Collected data ▸

..........

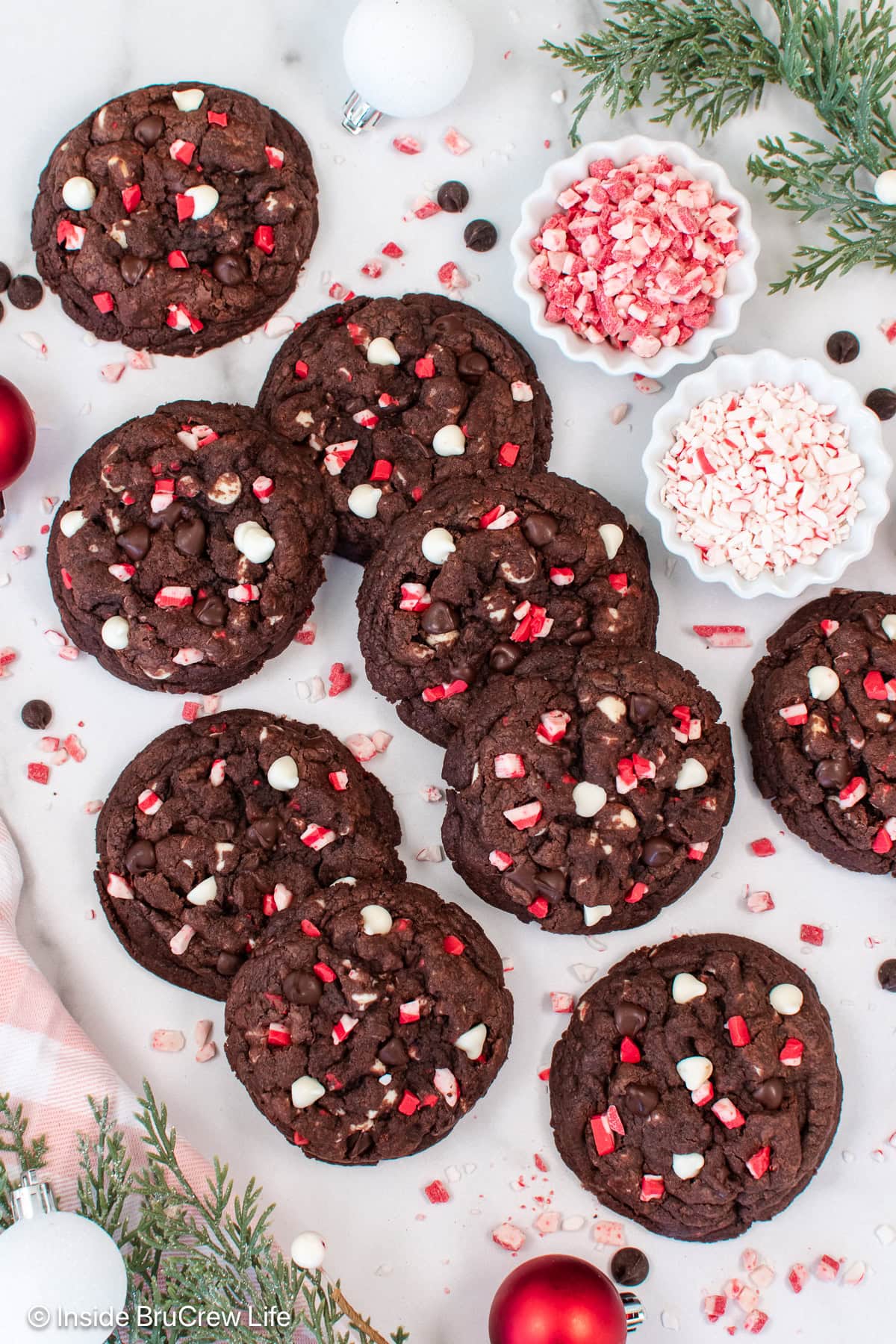 Chocolate cookies with peppermint chips on a white board.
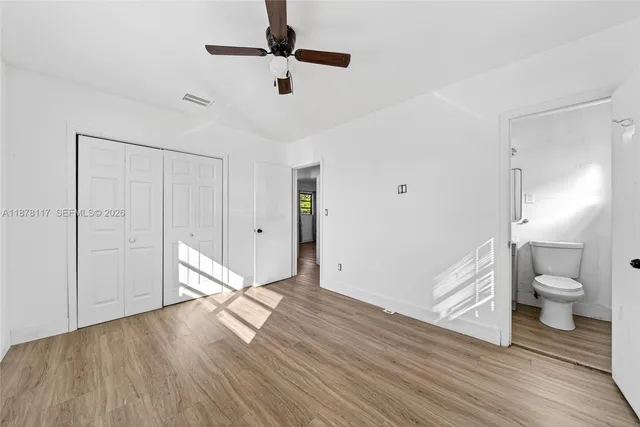 a bathroom with a sink toilet a mirror and shower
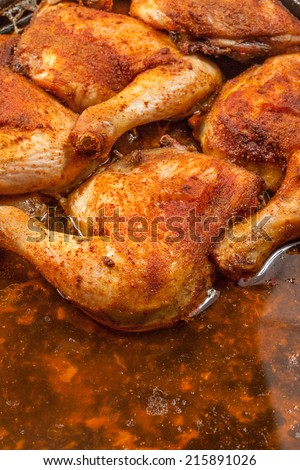 Fried chicken legs in deep fat. Selective focus.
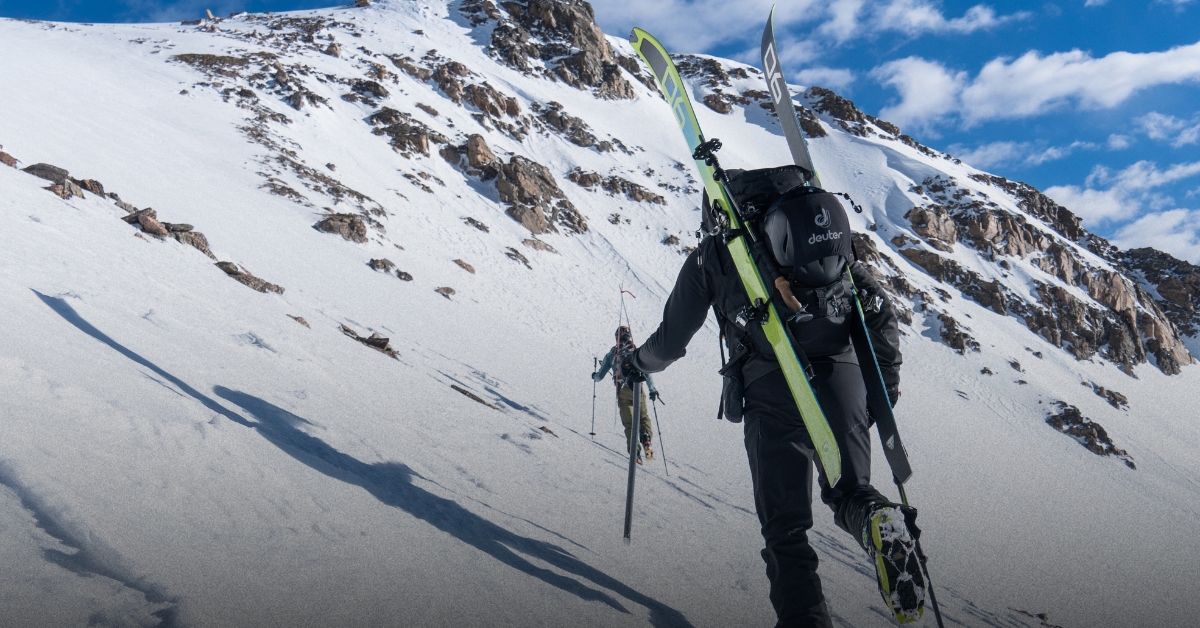 A backcountry skiier booting up steeper terrain in Colorado
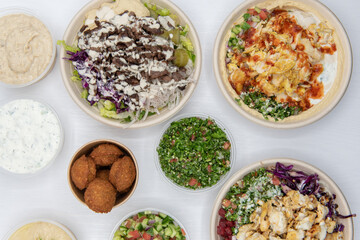 Huge variety of Mediterranean meals on a white table with the bite size falafels on the center of...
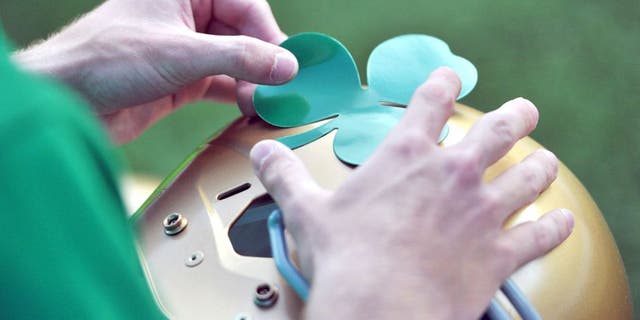 Sept. 10, 2011; Ann Arbor, MI, USA; A student manager applies a shamrock decal to a Notre Dame helmet before the game between the Notre Dame Fighting Irish and the Michigan Wolverines at Michigan Stadium. Mandatory Credit: Matt Cashore-USA TODAY Sports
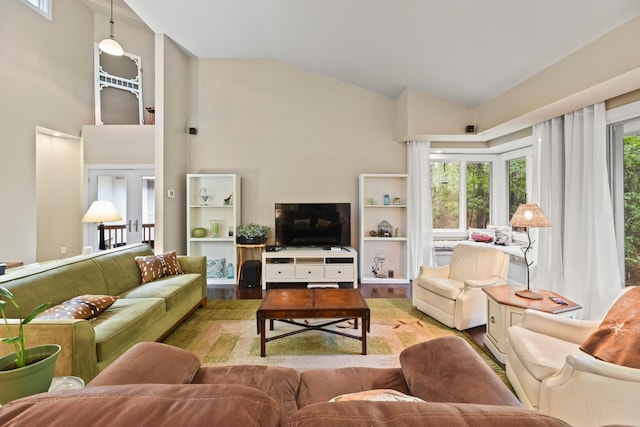 living room with light hardwood / wood-style flooring, plenty of natural light, and high vaulted ceiling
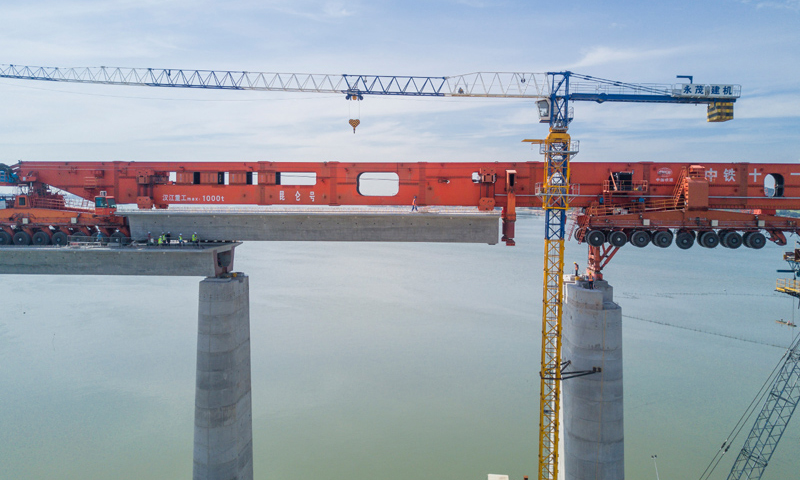 圖為7月11日，在新建福廈鐵路湄洲灣跨海大橋建設現場，中鐵十一局工人協同“昆侖號”千噸級運架一體機架設該線路最后一孔40米箱梁。（新華社記者 宋為偉 攝）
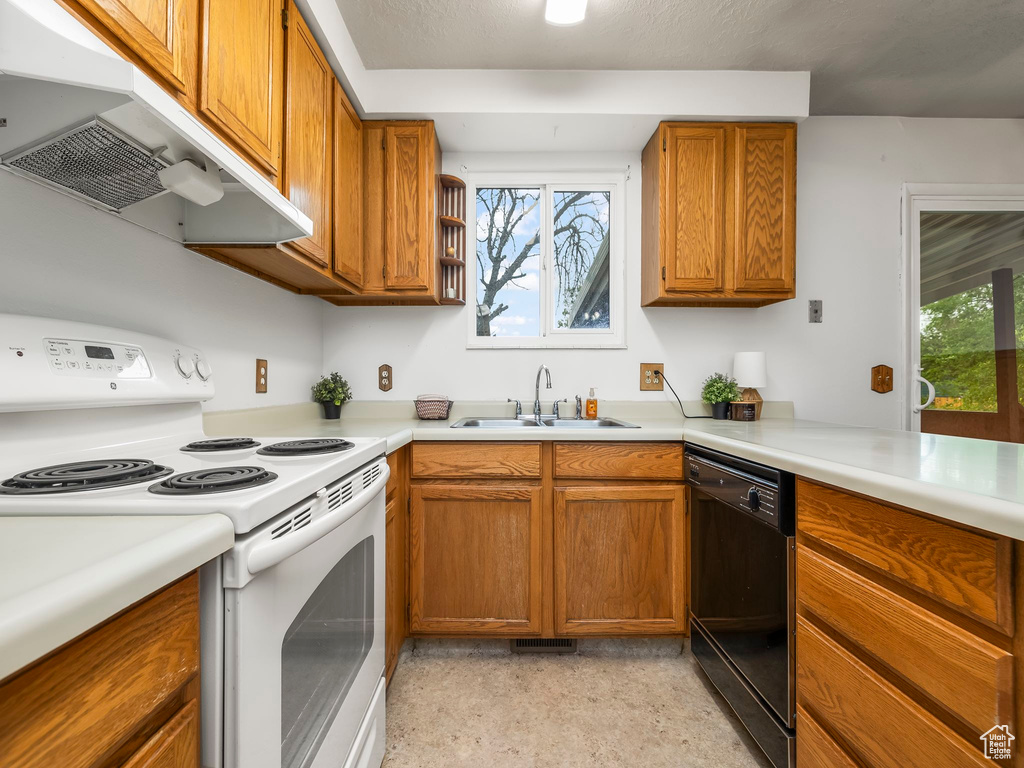 Kitchen featuring electric range, dishwasher, a sink, under cabinet range hood, and brown cabinets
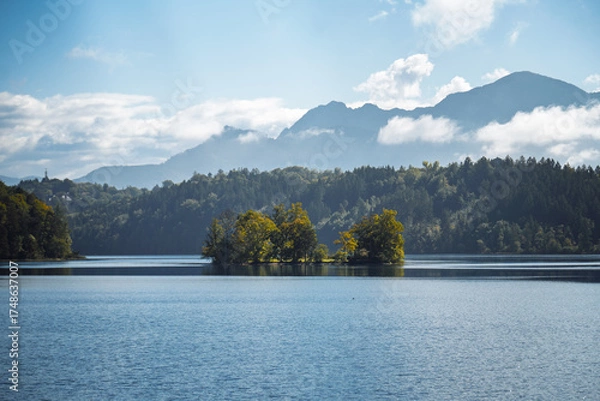 Obraz Tranquil islet "Kleine Birke" on serene Lake Staffelsee in autumn light with the Bavarian Alps in the background, perfect for travel promotion in "Blaues Land" and Werdenfels.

..........

What the task requires ▸ After locating the line containing "Kitchen featuring electric" in the entries above, repeat only it and each later line through the end, exactly, without any pictures.

Exercise solution ▸
 Kitchen featuring electric range, dishwasher, a sink, under cabinet range hood, and brown cabinets
 Obraz Tranquil islet "Kleine Birke" on serene Lake Staffelsee in autumn light with the Bavarian Alps in the background, perfect for travel promotion in "Blaues Land" and Werdenfels.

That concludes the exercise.